[Entries provided]:

== Segment start ==

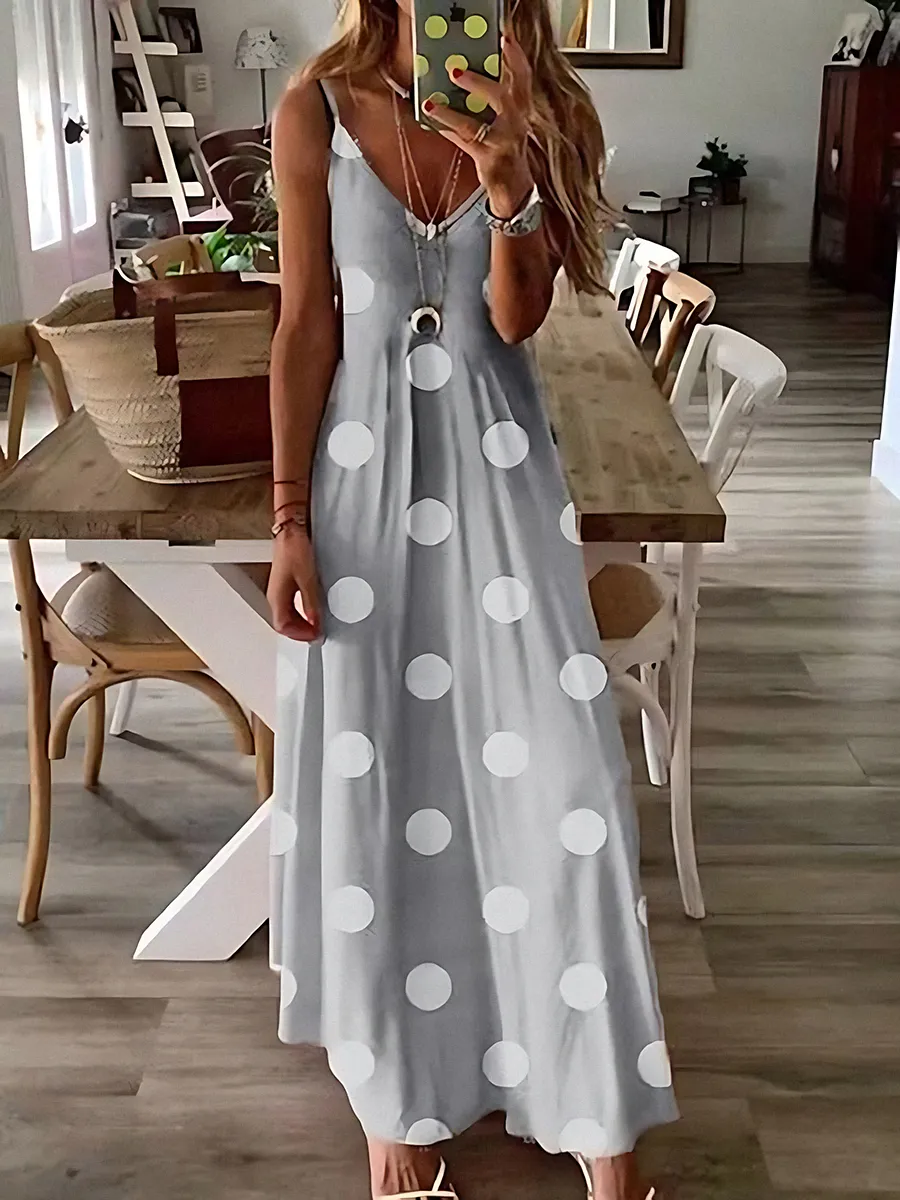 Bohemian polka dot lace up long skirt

== Segment end ==
== Segment start ==

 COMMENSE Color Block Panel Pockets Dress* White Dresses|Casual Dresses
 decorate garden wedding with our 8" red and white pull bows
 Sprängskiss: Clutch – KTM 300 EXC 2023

== Segment end ==
== Segment start ==

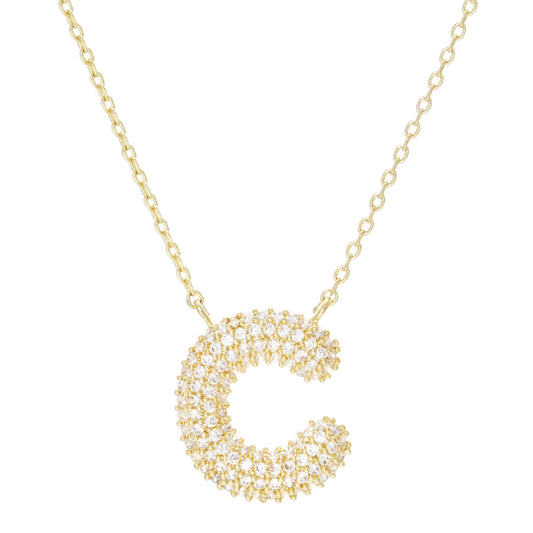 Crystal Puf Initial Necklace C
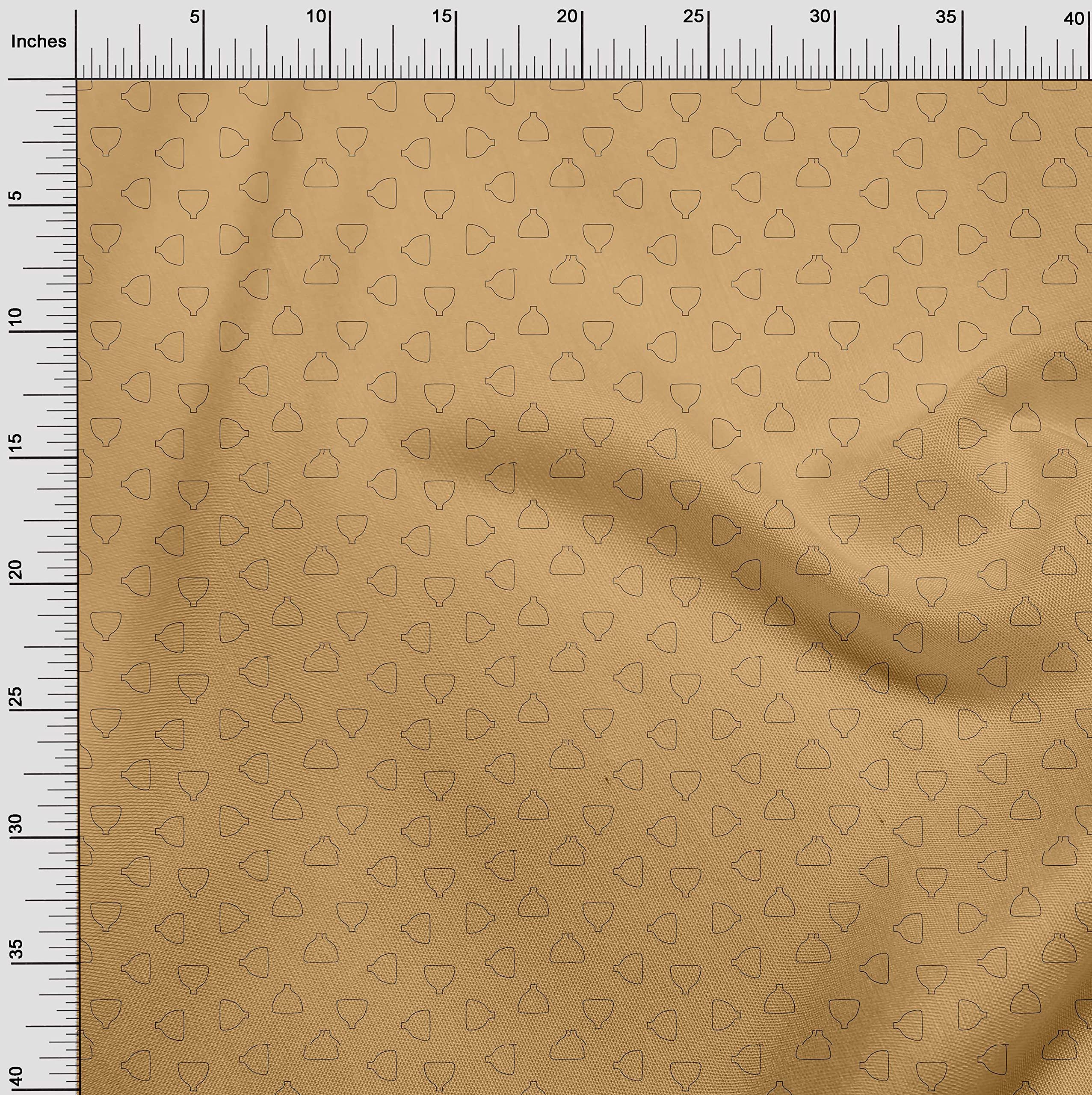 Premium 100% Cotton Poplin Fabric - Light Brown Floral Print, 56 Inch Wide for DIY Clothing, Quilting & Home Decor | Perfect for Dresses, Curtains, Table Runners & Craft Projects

== Segment end ==

[Your goal]: Would you restate, exactly and with no pictures, the lines of the entries above from the one containing "Crystal Puf Initial Necklace C" through the one containing "Premium 100% Cotton"?

[Completed exercise]:
 Crystal Puf Initial Necklace C
 Premium 100% Cotton Poplin Fabric - Light Brown Floral Print, 56 Inch Wide for DIY Clothing, Quilting & Home Decor | Perfect for Dresses, Curtains, Table Runners & Craft Projects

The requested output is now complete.